I want to end on a positive note. I asked the Minister privately some time ago about the status of these NICE guidelines under the proposed new healthcare changes emerging from the White Paper and the Bill. I was much encouraged with his response that the guidelines would take a stronger role for clinicians in their treatment and support for patients. What is important is that NICE has the capability to produce guidelines for the rarer diseases in the rheumatology sector that rely on early diagnosis and treatment to protect the health of the patient and to prevent deterioration through active physiotherapy.
My Lords, I congratulate my noble friend Lord Wills on calling this debate. These short debates are ideal for a discussion about something very specific and important such as the disease giant cell arteritis. It is always a challenge, therefore, to find anything new to say when the matter has been thoroughly explored with the eloquence of the experts who are here today. That never stopped anybody in the House of Lords from making a few remarks, but I will be brief.
To put this in the vernacular, the issue is a bit of a no-brainer. Indeed, when I was practising the pronunciation of polymyalgia rheumatica, about which I had no previous knowledge, one of my colleagues piped up that her mother had that, so I ran off a very helpful fact sheet about giant cell arteritis to give her.
As noble Lords have said, the problem with giant cell arteritis is that the symptoms are so commonplace—headaches, tenderness on both sides of the forehead, feeling unwell and so forth. The treatment is also relatively straightforward—urgent treatment with steroids, which will prevent the blindness that can occur and which is irreversible. Clearly, doctors and patients need to be aware of the risks of giant cell arteritis in people and should be on the lookout for symptoms of the disorder. That is the first point, which echoes what other noble Lords have said. If someone is diagnosed with polymyalgia rheumatica, doctors need to warn them that this is a possible consequence.
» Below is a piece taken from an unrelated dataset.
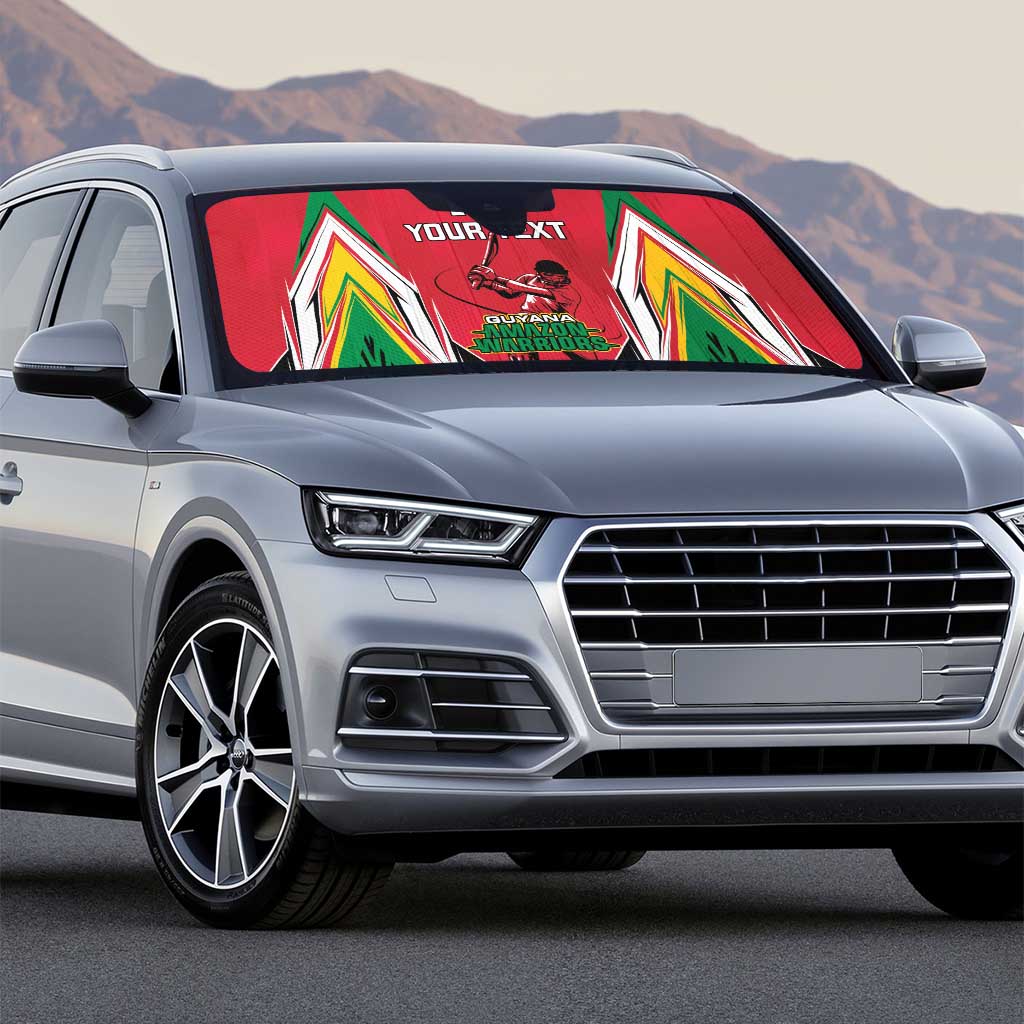 Custom Guyana Cricket Spirit Auto Sun Shade Amazon Warriors Inspired - Wonder Print Shop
At this point, my noble friend read a list of requests for the Government, which were echoed by many other noble Lords. In many ways, I cannot better his action list, which, as ever, shows my noble friend’s ability to analyse and put forward practical solutions that are also achievable. I hope that the Minister will undertake that his department will seriously consider making blindness from giant cell arteritis a never event and I hope that he will ask NICE to make an appraisal of giant cell arteritis services to produce guidelines.
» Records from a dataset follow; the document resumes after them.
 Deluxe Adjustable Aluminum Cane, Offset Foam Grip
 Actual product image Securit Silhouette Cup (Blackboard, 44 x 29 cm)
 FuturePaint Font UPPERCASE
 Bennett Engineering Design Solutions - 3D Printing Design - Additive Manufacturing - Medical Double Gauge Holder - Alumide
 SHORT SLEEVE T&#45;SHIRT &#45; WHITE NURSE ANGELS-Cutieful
Perhaps I may add one or two requests of my own. Have the Government estimated the cost of blindness caused by this condition, or does the Minister agree that my noble friend’s estimate is in fact the true cost? Linked to that is the issue of research. Something that costs so much and which, I suspect, does not receive as much dedicated research as we would wish creates an imbalance that we ought to address. I should like to know what research is taking place into this condition—the noble Lord, Lord Black, made this point very eloquently—because we need to find new drugs to treat it. It is clear that that needs to happen because of the vulnerability of old people to massive doses of steroids.
As my noble friend Lady Bakewell said, “It is spring. Please help”.
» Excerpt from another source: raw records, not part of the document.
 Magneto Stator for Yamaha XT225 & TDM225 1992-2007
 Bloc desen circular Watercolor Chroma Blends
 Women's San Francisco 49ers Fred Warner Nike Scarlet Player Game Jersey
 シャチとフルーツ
My Lords, I am grateful to the noble Lord, Lord Wills, as I am sure are all noble Lords, for raising the need for early diagnosis of polymyalgia rheumatica and giant cell arteritis and for making clear the serious results that can follow should the diagnosis be missed or appropriate treatment delayed.
In addressing his question, perhaps I may start with what may be the most obvious and important issue: namely, what is out there for clinicians in terms of commissioning support and training. As the noble Lord will be aware, there is already excellent guidance available on these related medical conditions, both for healthcare professionals and for patients. The British Society for Rheumatology, with partner organisations, has recently published clinical guidelines for both conditions. The society has an active strategy for disseminating these guidelines widely among healthcare professionals, including GPs. Summary information for GPs is available from Patient UK and from clinical knowledge summaries.
I am advised that the importance of prompt diagnosis of giant cell arteritis is underlined in both the undergraduate medical curriculum and in post-graduate training for GPs and relevant hospital specialists. Both NHS Direct and Patient UK carry information for patients.
This of course underlines that it is not the Government who improve the quality of patient care; it is clinicians. The role of government is to provide a framework that enables clinicians to get on with it, as the noble Lord, Lord Darzi, eloquently articulated in his publication in 2008, High Quality Care for All. Now, with the Health and Social Care Bill, we are breathing life into that framework. I genuinely believe that this will enable clinically led quality improvement of the kind that the noble Lord is seeking for the care of polymyalgia rheumatica and giant cell arteritis as much as it will for other conditions.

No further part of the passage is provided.